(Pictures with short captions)
--- --- ---
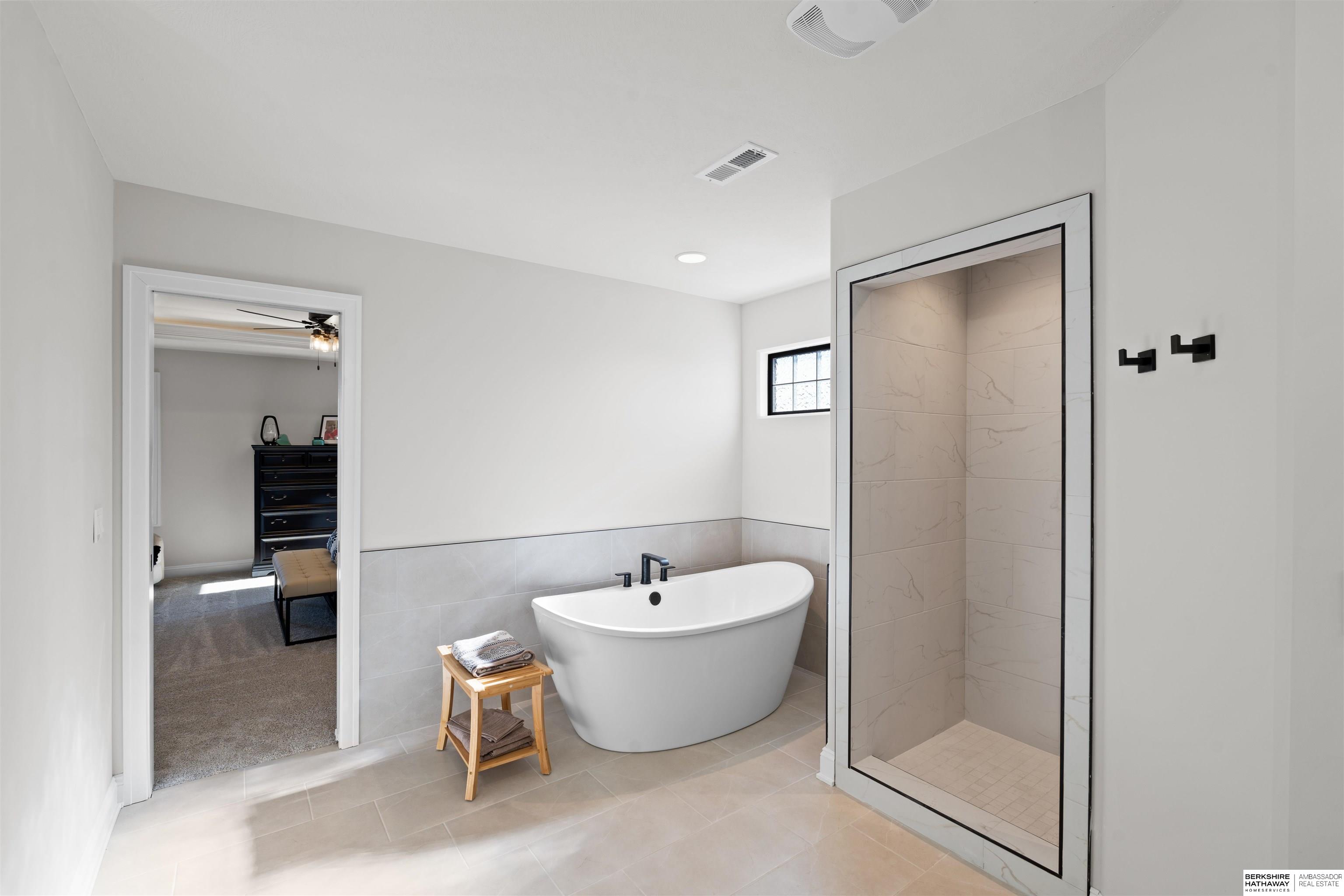 Papillion, Nebraska 68046, United States, 5 Bedrooms Bedrooms, ,3 BathroomsBathrooms,Residential,Active,11734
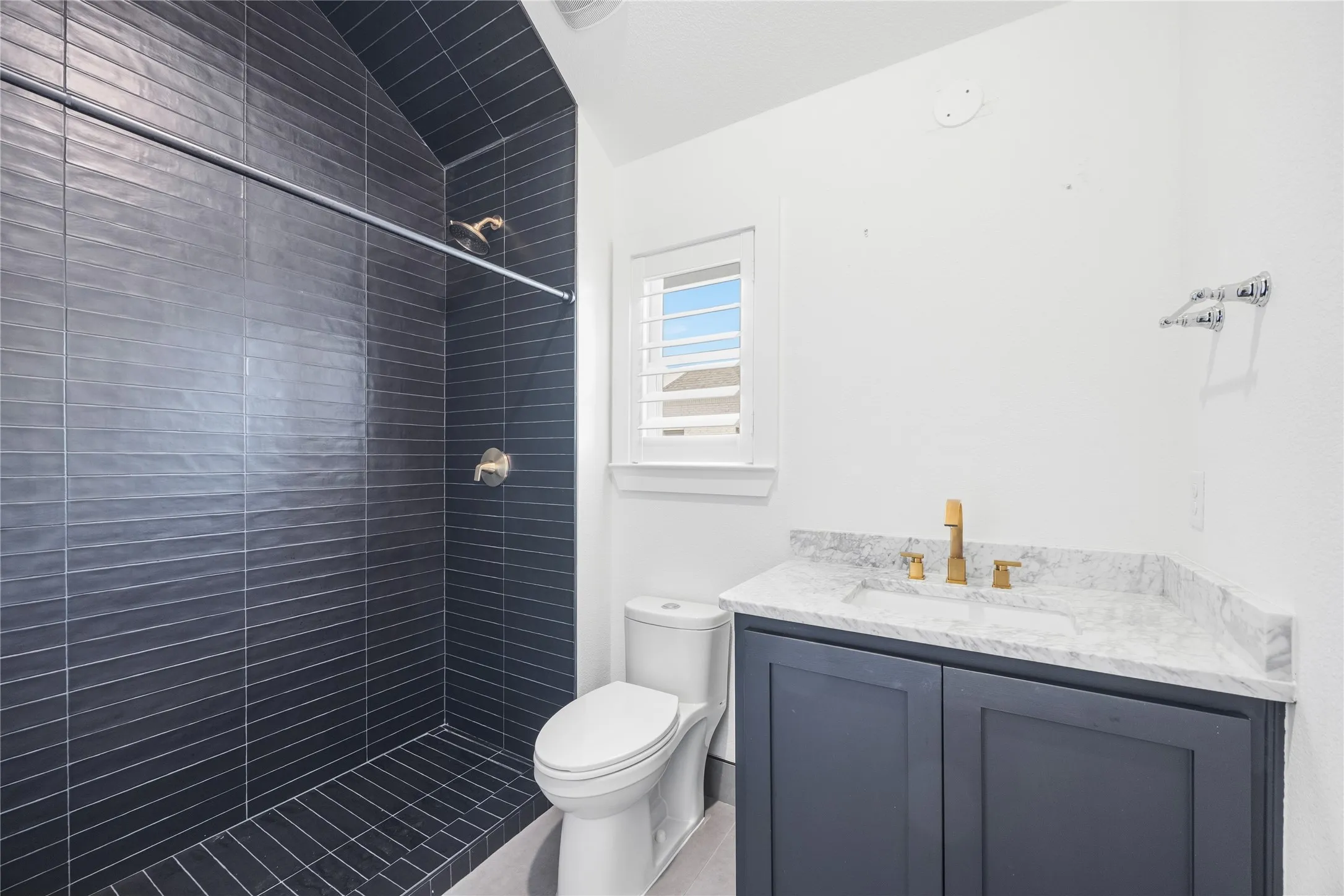 Single Family Residence For Sale in Collin County , 1422 Teasley Lane, Celina, Texas 75009, 5 Bedroom, 5 Bathroom, 3 Garage spaces, 4,905 Sqft, built in 2016, mls#21296302, Real Estate Agent in Celina, Homes For Sale in Collin county, Homes For Sale in Celina, Realtor in Celina Texas, Real Estate Brokerage Independent Realty Texas, Luminita Cordes Realtor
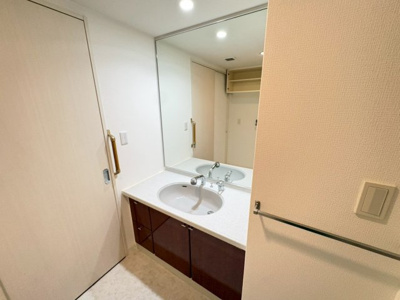 【独立洗面台】 | モンセーヌ蛍池ステーションサイド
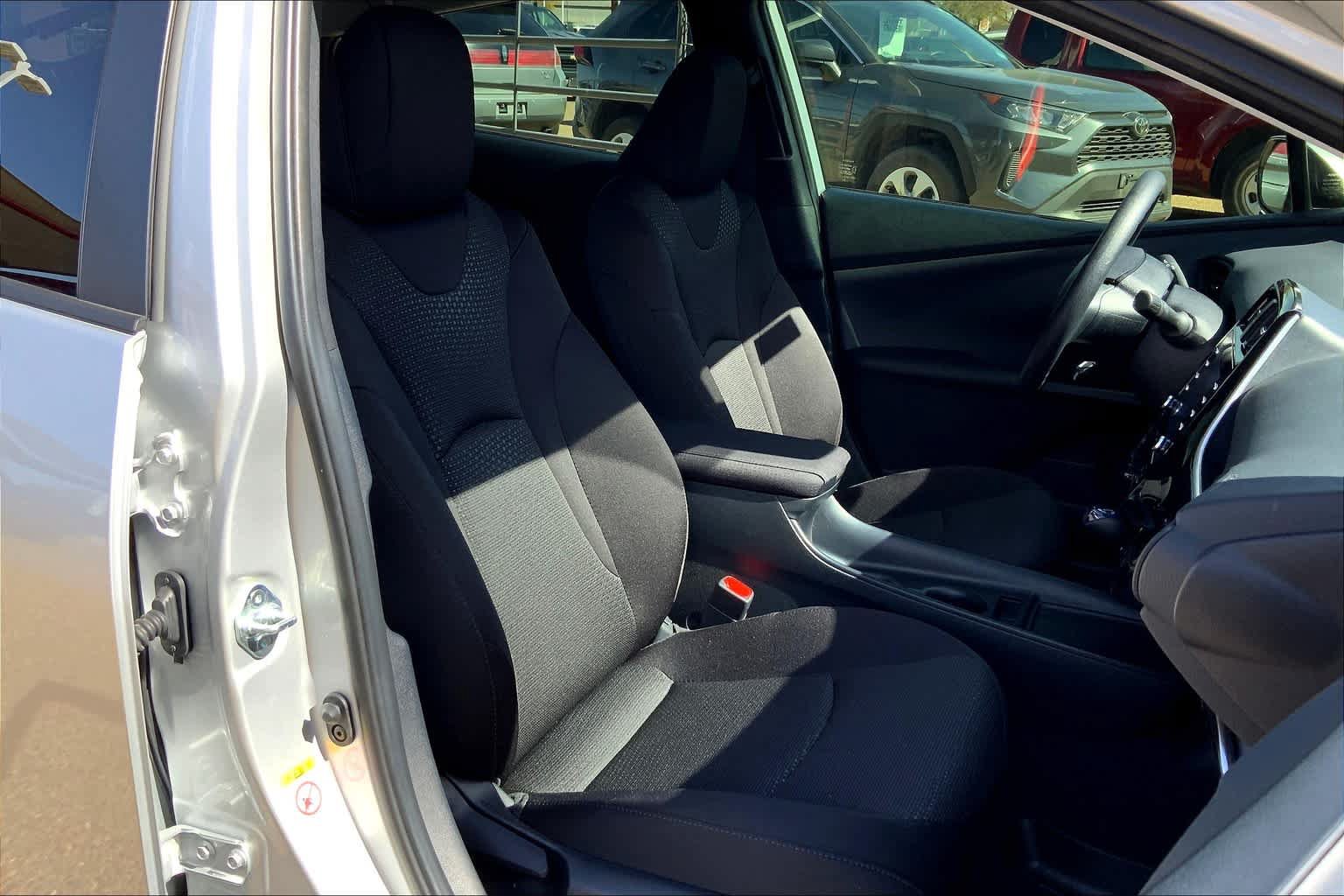 Used 2020 Toyota Prius LE FWD image 9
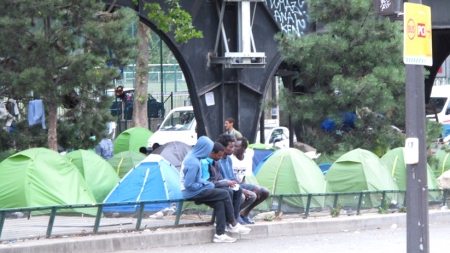 Camp de migrants porte de La Chapelle à Paris en juin 2017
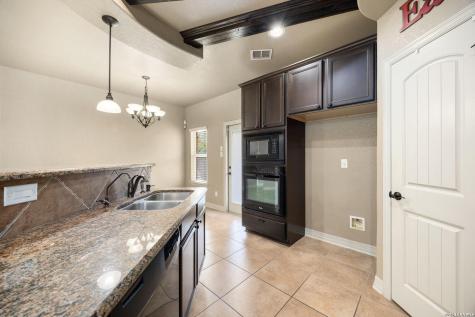 12422 Old Stillwater San Antonio TX 78254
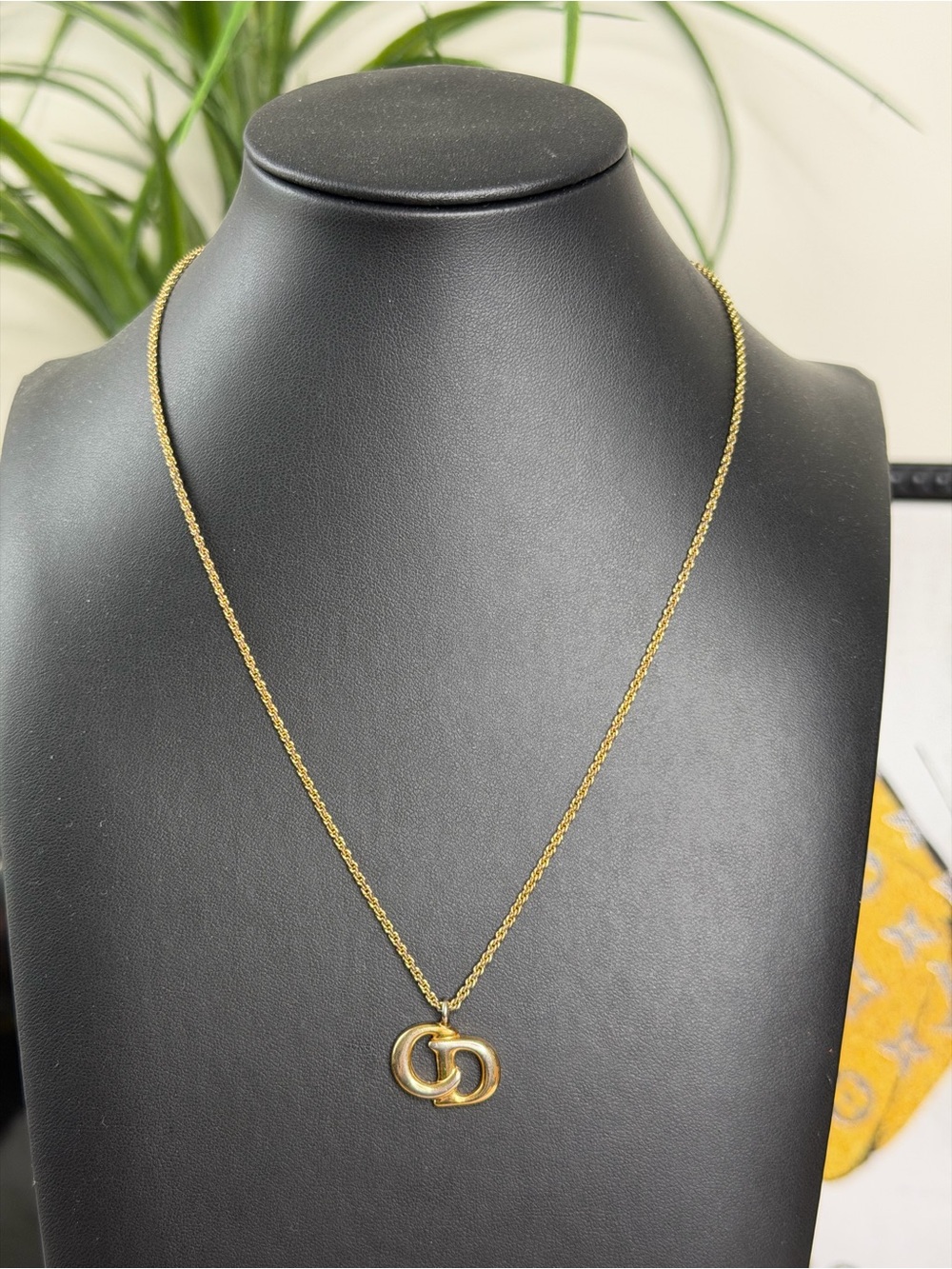 Dior Interlocking CD Pendant Necklace - Picture 2 of 5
--- --- ---
▶ **Requirement**
When you copy the data above, keep each line exact and omit the pictures.

▶ **Answer**
 Papillion, Nebraska 68046, United States, 5 Bedrooms Bedrooms, ,3 BathroomsBathrooms,Residential,Active,11734
 Single Family Residence For Sale in Collin County , 1422 Teasley Lane, Celina, Texas 75009, 5 Bedroom, 5 Bathroom, 3 Garage spaces, 4,905 Sqft, built in 2016, mls#21296302, Real Estate Agent in Celina, Homes For Sale in Collin county, Homes For Sale in Celina, Realtor in Celina Texas, Real Estate Brokerage Independent Realty Texas, Luminita Cordes Realtor
 【独立洗面台】 | モンセーヌ蛍池ステーションサイド
 Used 2020 Toyota Prius LE FWD image 9
 Camp de migrants porte de La Chapelle à Paris en juin 2017
 12422 Old Stillwater San Antonio TX 78254
 Dior Interlocking CD Pendant Necklace - Picture 2 of 5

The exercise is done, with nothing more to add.